_Work request:_
This task calls for the lines below starting at the one containing "HENRICO Baba 1981-1981" and ending at the one containing "Clearance Knuffel Huggady", repeated exactly with both ends kept and pictures left out.

_Recorded information:_
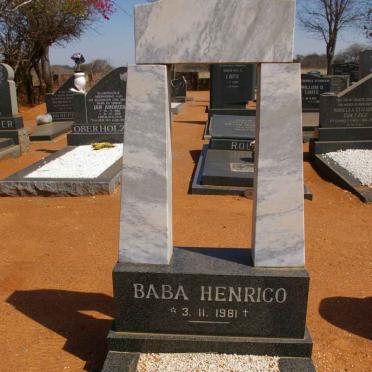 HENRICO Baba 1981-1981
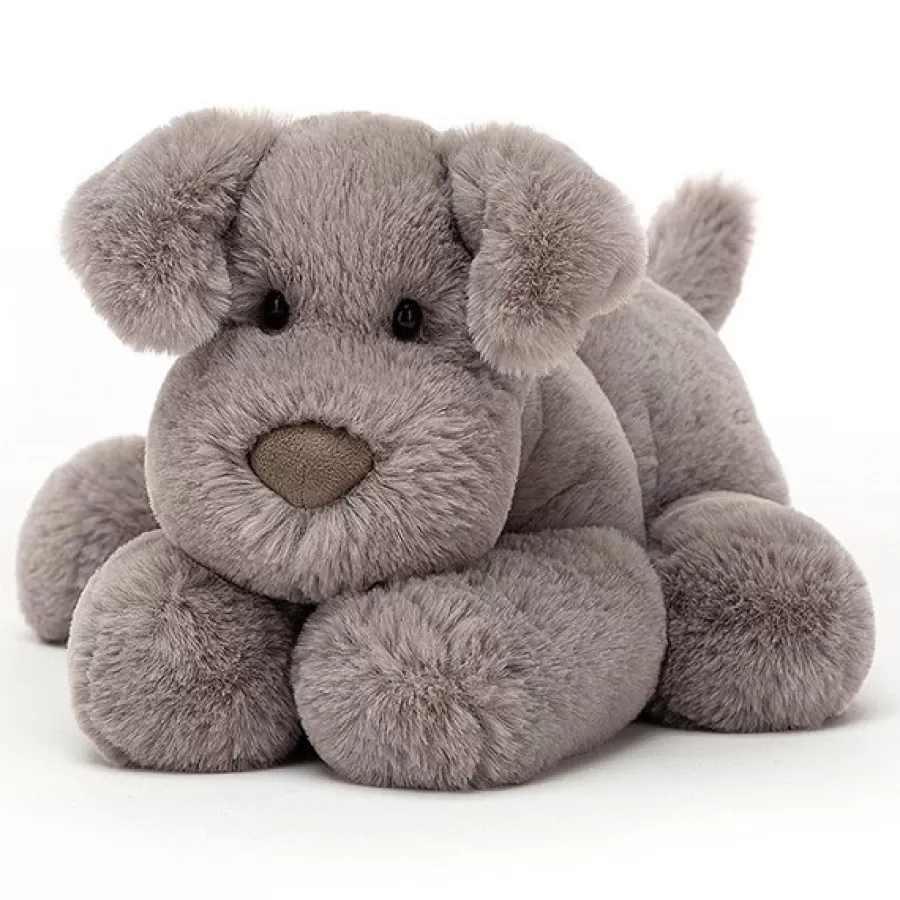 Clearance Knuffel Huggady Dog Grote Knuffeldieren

--

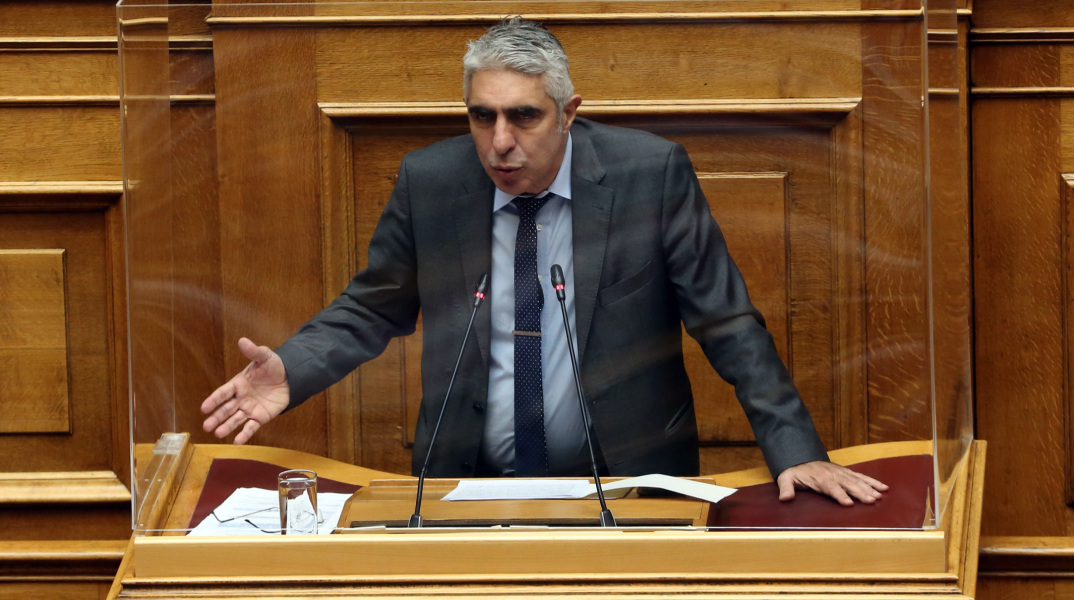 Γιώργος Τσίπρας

_Result of this task:_
 HENRICO Baba 1981-1981
 Clearance Knuffel Huggady Dog Grote Knuffeldieren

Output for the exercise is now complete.